FileForums

FileForums (https://fileforums.com/index.php)
-   Conversion Tutorials (https://fileforums.com/forumdisplay.php?f=55)
-   -   Weird DTA compressed file in Mafia (https://fileforums.com/showthread.php?t=106733)

teusma 08-05-2025 16:04

Weird DTA compressed file in Mafia
 
In Mafia there is a file called "A0.dta" with 9,439 files - all of them in wav (PCM) format, this file is compressed and encrypted... but what's interesting about that? I'll explain as best I can, I hope what I discover is clear... There is a tool that supports the extraction of these files (wav pcm) that is compatible with msc_tak and when compressing these wav files, it is 989 MB (after already extracted from the A0.dta file) and becomes 576 MB. If I run 7z lzma 2 over it and try to compress it even more, I can save only about 700 kb. If I compress the folder with these wav files without running msc_tak first, it becomes 654 MB, but where am I going with this? - That's where the trick comes in, the A0.dta file when still intact encrypted/compressed (a proprietary compression that I have no idea what it is... maybe a lz77 variant from what I've read) it consumes 495 MB of disk space and if you compress it even more with 7z lzma2 it goes down to 343 MB. Now explain to me how the hell does this happen??? recap:
the size of the intact file is: 495mb

when extracted (undoes the proprietary compression) it goes to 989MB

when I compress these extracted files (wav) with msc_tak it drops to 576MB and even if I compress it even more with lzma2 it only loses ~700kb

if I just compress these extracted files (wav), with 7z lzma2 it goes to 654mb

and if I simply compress the A0.dta file as it is (without decrypting and uncompressing the proprietary compression) it ends up with 343MB - much smaller!!!::eek:...

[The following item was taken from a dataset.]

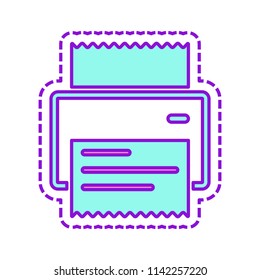 printer, receipt, simple icon. Colored sketch with dotted border on white background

now? I wonder if there is a way to "usurp" this proprietary compression to create a wav pre-processor and use it in other wav files from any other game...

And I'm still going to test if the other files also behave this way to see if it's only with A0.dta or if it also happens with A1.dta, A2.dta, A3.dta... if this happens.

What do you think of all this? Am I making a mistake in some way???

I'll leave the files for download so you can see for yourself:

https://www.mediafire.com/file/zev2u...ractor.7z/file

teusma 08-05-2025 16:31

I tried with the A1.dta that contains other types of data, which are not wav pcm) and it didn't work, the file got bigger when compressed with the "unknown proprietary compression" - I mean if you extract the files from A1.dta and then compress them it will get smaller... it seems to be a specific behavior for wav (pcm) sounds. I hope some brilliant mind can unravel this mystery...

FitGirl 08-05-2025 17:28

LZMA is a solid compressor. MSC_tak operates on chunk level. So you have lots of smaller PCM chunks which are compressed individually, so later LZMA can't do much, too heavy entropy.

As for "why lzma does better on encrypted data" - it just may happen that default ordering bytes (l/b/p options for LZMA compressor) are good for this particular set of data. afair it's 3-0-2 by default. You could try to change those too in brute force and see if it will make compression better.

Try cls-razor on original and decrypted/unpacked data, it's better suited for raw-like data. lolz also may help on some raw-like stuff, but not on all.

teusma 08-05-2025 18:34

Quote:

Originally Posted by FitGirl (Post 507622)
LZMA is a solid compressor. MSC_tak operates on chunk level. So you have lots of smaller PCM chunks which are compressed individually, so later LZMA can't do much, too heavy entropy.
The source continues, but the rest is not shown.